GIVEN RECORDS:

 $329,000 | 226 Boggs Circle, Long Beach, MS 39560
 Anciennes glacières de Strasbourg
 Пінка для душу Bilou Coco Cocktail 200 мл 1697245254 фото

==

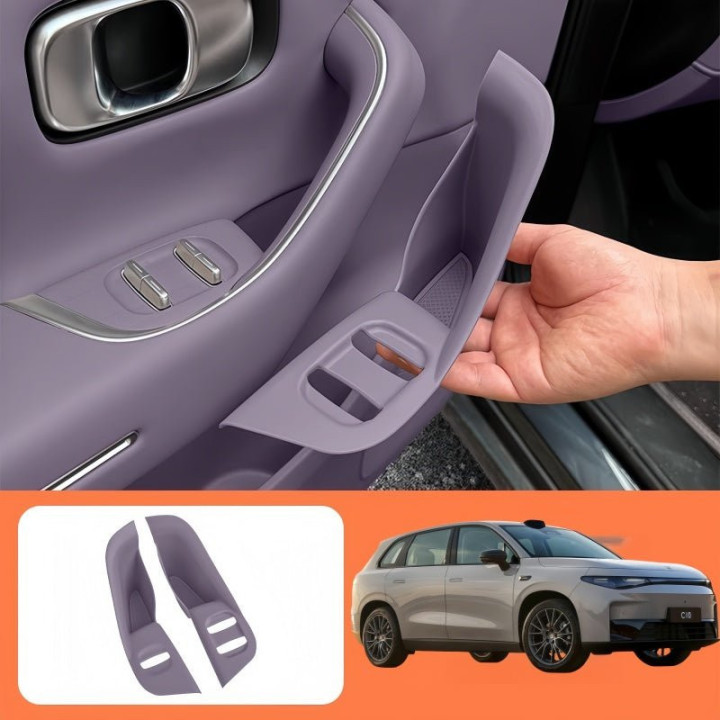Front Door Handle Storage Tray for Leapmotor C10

TASK REQUIREMENTS: All lines above from the one containing "Anciennes glacières de Strasbourg" to the one containing "Пінка для душу" must be repeated exactly, both lines included, and no others.

ANSWER SPACE:
 Anciennes glacières de Strasbourg
 Пінка для душу Bilou Coco Cocktail 200 мл 1697245254 фото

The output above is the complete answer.